Precision nutrition is an emerging field that recognizes human physiological individuality and exploits it to procure
dietary recommendations and/or interventions to improve one’s health and aid in disease prevention, and
management. Metabolic profiling, which involves quantifying biochemical changes caused by dietary intake, is
essential in
deciphering the complex connection between diet and health status, and therefore is a critical tool
to enable precision nutrition. Recently, wearable biochemical sensing devices have emerged as convenient
method to monitor these chemical changes continuously and in real-time, and they are thus poised to significantly
progress the field. The National Institute of Diabetes and Digestive and Kidney Diseases (NIDDK) seeks a smart
wearable device for continuous monitoring of circulating or interstitial nutrients, metabolites, or hormones
relevant to diet and nutrition. Accordingly, the goal of our proposed project is to develop a wearable device
capable of continuously and simultaneously measuring, storing, and displaying interstitial levels of multiple
nutritionally relevant analytes, including sodium, glucose, and ketone, in real time. Sodium, glucose, and ketone
bodies are all essential indicators for overall health and bodily function, and the continuous and simultaneous
monitoring of their levels within the body could offer invaluable clinically- and nutritionally- relevant information.
To date, no FDA-cleared, commercially available device exists for the continuous monitoring of multiple analytes.
In this context, ActioX LLC. has developed an integrated wirelessly operated wearable sensor platform, based
on a biocompatible array of microneedles, to enable pain-free continuous analysis of biochemicals via interstitial
fluid (ISF) just few hundred microns under the skin.

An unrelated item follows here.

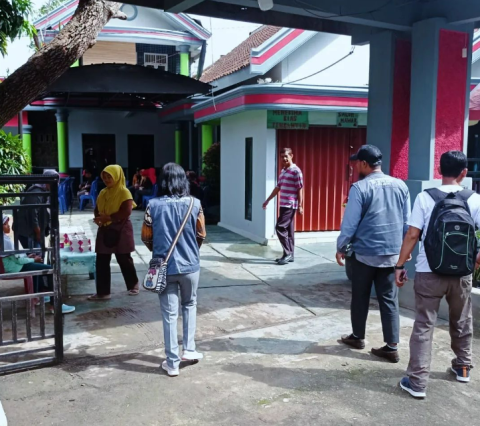 Anggota Bawaslu Kota Metro Maria Kristina saat melaksanakan pengawasan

This SBIR Phase I project will leverage this innovative
technology to create a multiplexed and multimodal wearable device that can monitor a panel of putative nutrients
for one week of continuous operation. To achieve this, readjustments will be performed at sensor, electronics,
and smart phone app levels. Aim 1 constitutes in-vitro feasibility studies to find the best chemical modification
strategy with optimal sensitivity, selectivity, reproducibility, and extended 7-days stability while minimizing cross-
reactivity among different sensors. Aim 2 will involve electronic hardware design and development to enable
concurrent amperometry and potentiometry measurements to expand the detection capabilities of the wearable
platform. Upon successful completion of Phase I, Phase II will focus on demonstrating the utility and establishing
reliability of the multiplexed sensor via extensive clinical studies in human subjects. By enabling real-time data
collection of sodium, glucose, and ketone concurrently, the proposed wearable device will serve various
environments, including research programs, clinics, and consumer use to promote general health and wellness.
The foundational insights from this work will set the stage for accomplishing our long-term vision – a “lab-under-
the-skin,” wherein a wide panel of nutrients and metabolites can be monitored using a miniaturized skin patch,
thereby becoming a cornerstone of Precision Nutrition.